The crowd in Merrill Auditorium cheers on Freeport High School’s graduates as they take their seats on Sunday, June 12. John Terhune / The Times Record

Cheers drowned out the sound of “Pomp and Circumstance” at Portland’s Merrill Auditorium Sunday morning, as Freeport High School’s graduation ceremony returned to the Portland venue for the first time since 2019.

“I think that coming back to Merrill is a turning point,” graduate Savannah Tracy said before the event. “It’s nice to be somewhere professional and really nice to celebrate this monumental occasion.”

Freeport held outdoor graduation ceremonies at the Saco Drive-In in 2020 and 2021 due to COVID-19 concerns. The return to Merrill was a welcome step toward normalcy, according to Principal Jennifer Gulko.

“It’s ironic that as we are hopefully heading into a better place with or maybe even and end of the pandemic, they are literally tearing down the Saco drive-in movie theater,” she said. “It may be a sign that we are moving forward after two very difficult years.”

Gulko and student speaker Abbigail Martin recalled creative solutions the community applied to the pandemic’s challenges, including holding last fall’s homecoming dance outdoors on the school’s tennis courts.

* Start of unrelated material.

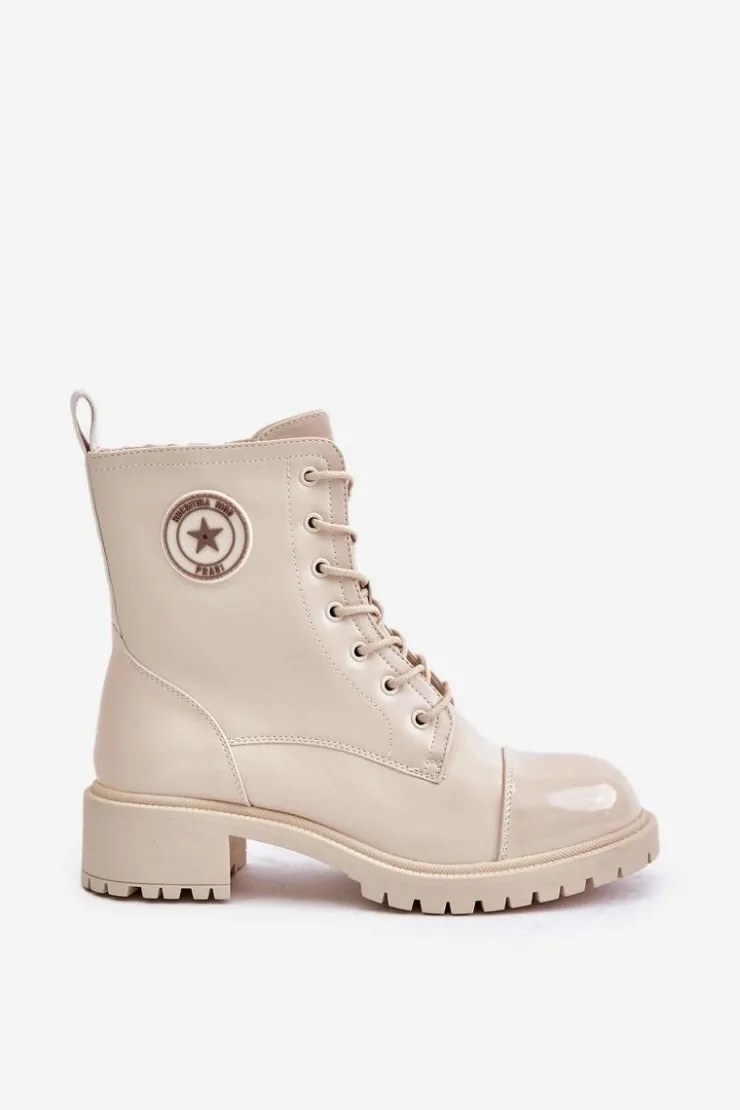 Damskie Boto Botki Workery Na Zamek Ocieplane Beżowe Soratta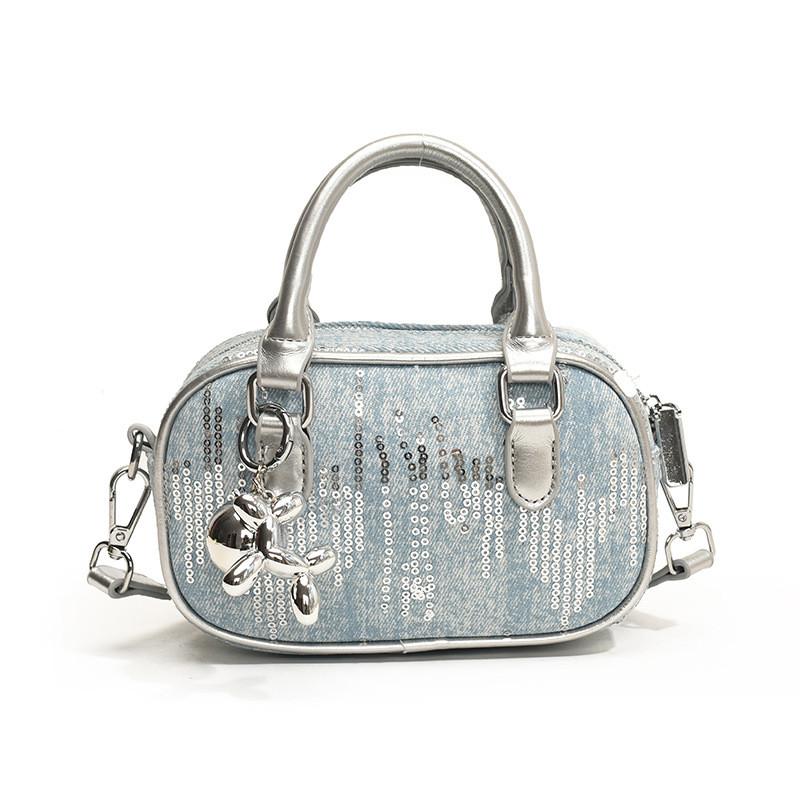 IELGY Korean Style Denim Sequined Portable Bowling Bag Contrast Color One-Shoulder Messenger Small Square Bag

While other speakers touched on the pandemic, they mostly celebrated the inclusivity and warmth of the senior class.


“I’ve heard it said we’re the best-looking class in FHS history,” joked class president Andrew Morrissey. “Perhaps our most important quality, though, is our kindness. Friendships connect every part of our grade, and it made me glad to come to school every day.”

Freeport High School graduates line up before marching into Portland’s Merrill Auditorium on Sunday, June 12. John Terhune / The Times Record

“Kindness: that is what sets Freeport apart,” agreed Vincenzo Scicchitano, who spoke about coming to Freeport as a first year after being homeschooled.  “I’ve come to consider the class of 2022 to be my family.”

Family was a major theme Sunday, as students practiced the Freeport tradition of leaving the stage to thank relatives for their support with a flower.

The break, which lasted nearly 10 minutes as some students trekked to the third-floor balcony, was a fitting show of gratitude for a class celebrated for its virtue.

“In a time when full-grown adults can’t find common ground amongst themselves, it is truly inspiring to watch a group of teenagers find it every day in the classroom,” said faculty speaker Jake Willett. “You are the major reason that I decided to remain an educator.”